Problem description:
Please retype every entry as written, and keep the pictures out.

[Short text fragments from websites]
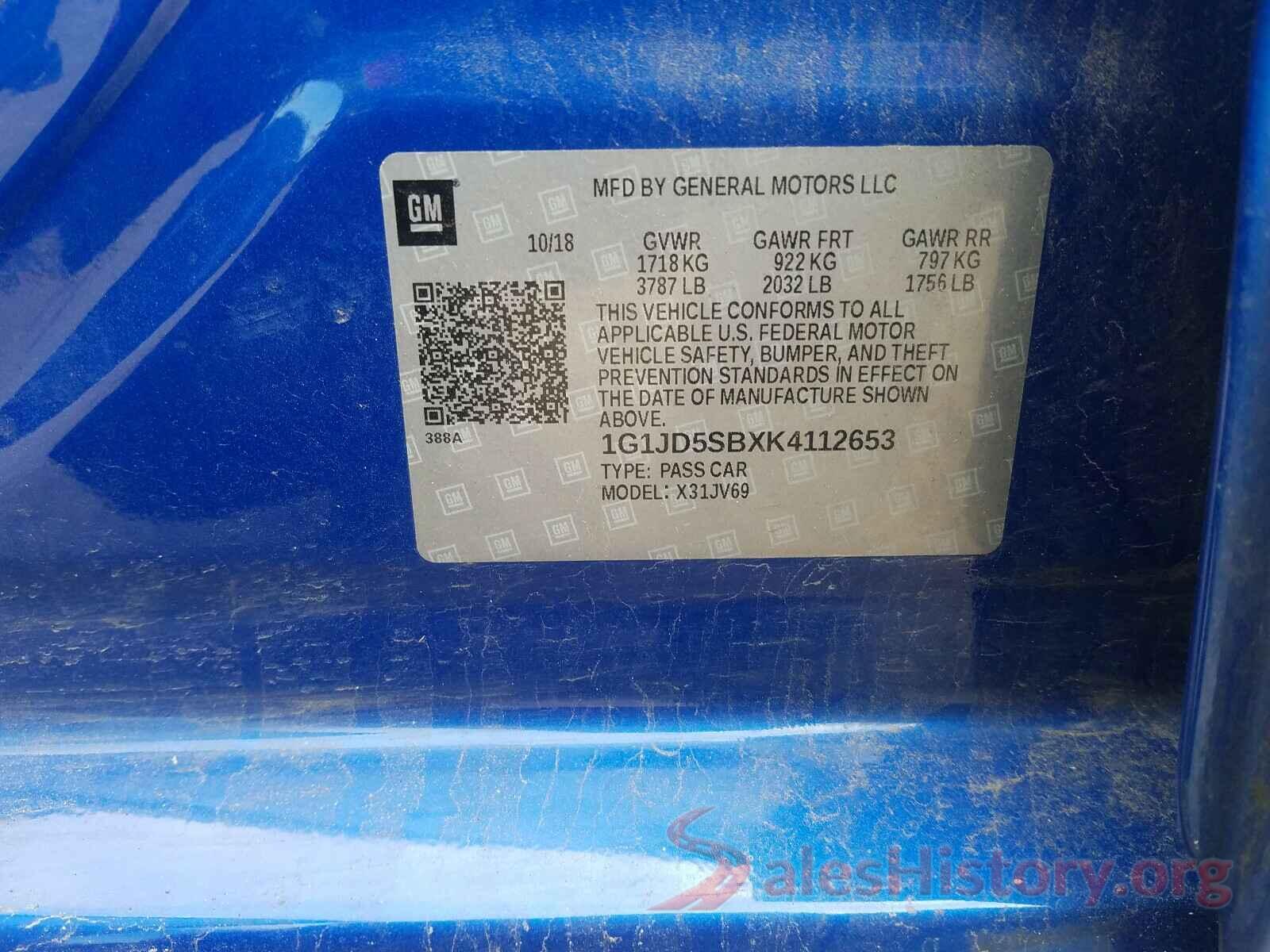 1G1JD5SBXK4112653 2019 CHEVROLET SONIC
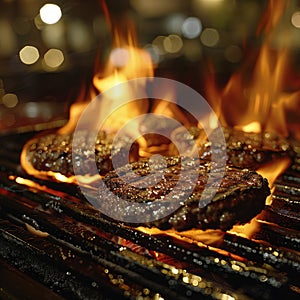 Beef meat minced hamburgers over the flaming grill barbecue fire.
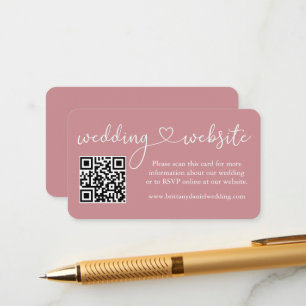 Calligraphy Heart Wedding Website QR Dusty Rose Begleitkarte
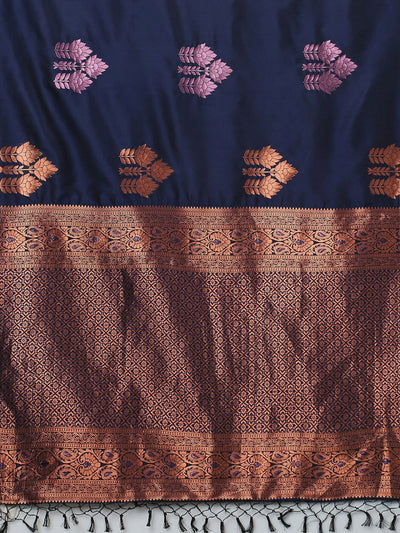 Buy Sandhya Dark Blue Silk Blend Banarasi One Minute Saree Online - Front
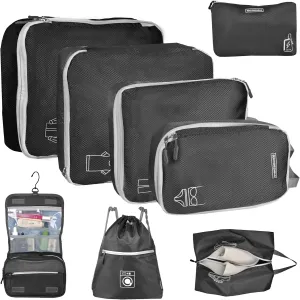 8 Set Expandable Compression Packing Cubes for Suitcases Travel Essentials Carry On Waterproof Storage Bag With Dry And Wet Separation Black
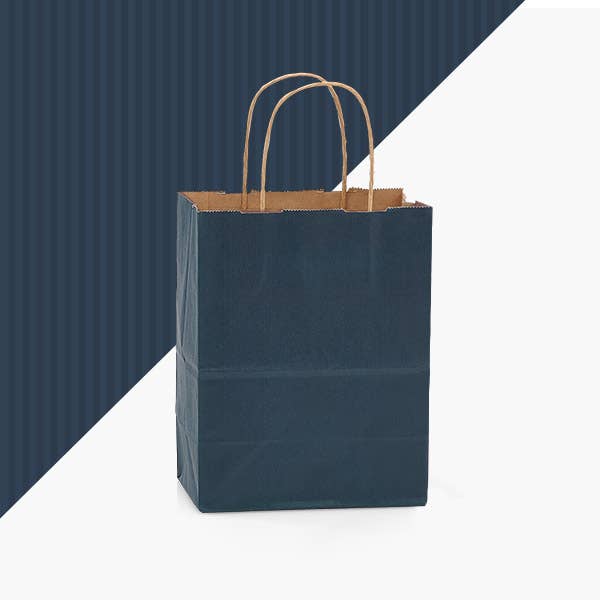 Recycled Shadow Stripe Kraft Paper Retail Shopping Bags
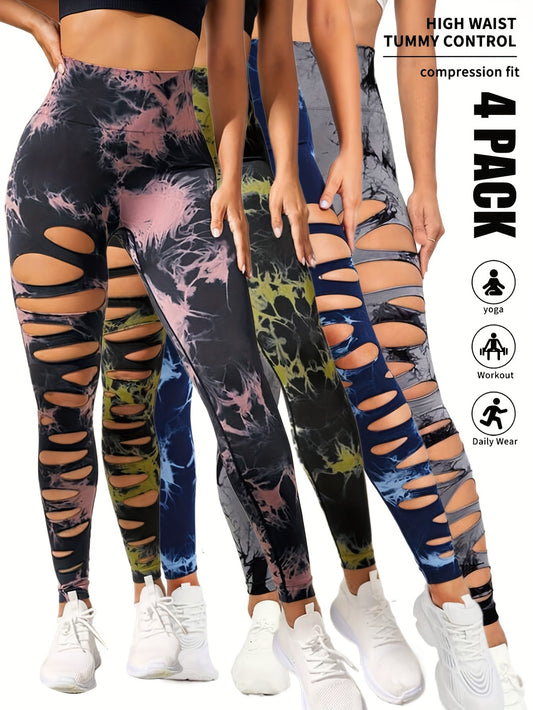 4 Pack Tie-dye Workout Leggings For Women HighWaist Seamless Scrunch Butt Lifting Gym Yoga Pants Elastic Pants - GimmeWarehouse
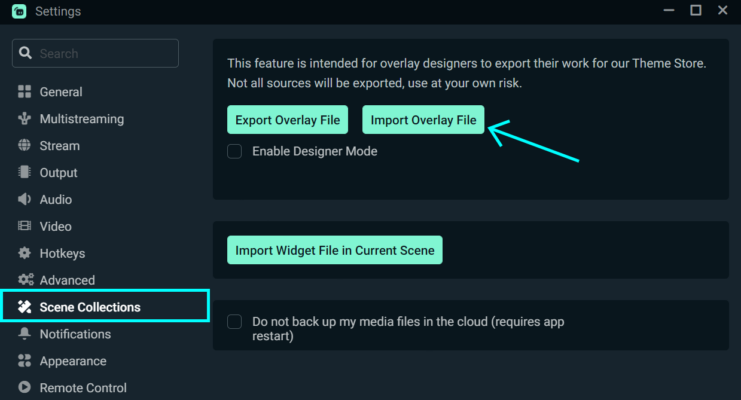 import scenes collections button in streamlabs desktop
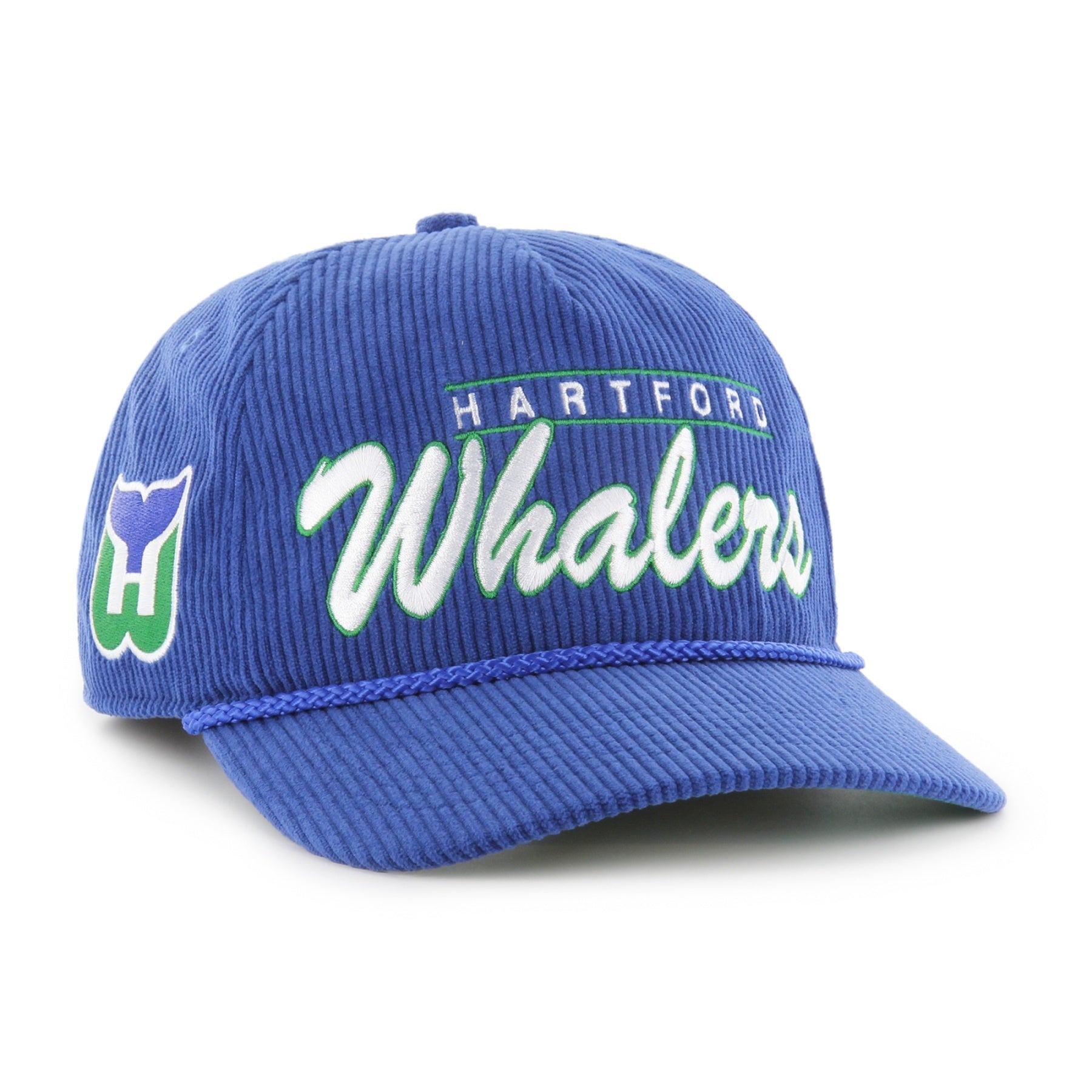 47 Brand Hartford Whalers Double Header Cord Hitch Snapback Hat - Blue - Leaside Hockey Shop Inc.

The answer:
 1G1JD5SBXK4112653 2019 CHEVROLET SONIC
 Beef meat minced hamburgers over the flaming grill barbecue fire.
 Calligraphy Heart Wedding Website QR Dusty Rose Begleitkarte
 Buy Sandhya Dark Blue Silk Blend Banarasi One Minute Saree Online - Front
 8 Set Expandable Compression Packing Cubes for Suitcases Travel Essentials Carry On Waterproof Storage Bag With Dry And Wet Separation Black
 Recycled Shadow Stripe Kraft Paper Retail Shopping Bags
 4 Pack Tie-dye Workout Leggings For Women HighWaist Seamless Scrunch Butt Lifting Gym Yoga Pants Elastic Pants - GimmeWarehouse
 import scenes collections button in streamlabs desktop
 47 Brand Hartford Whalers Double Header Cord Hitch Snapback Hat - Blue - Leaside Hockey Shop Inc.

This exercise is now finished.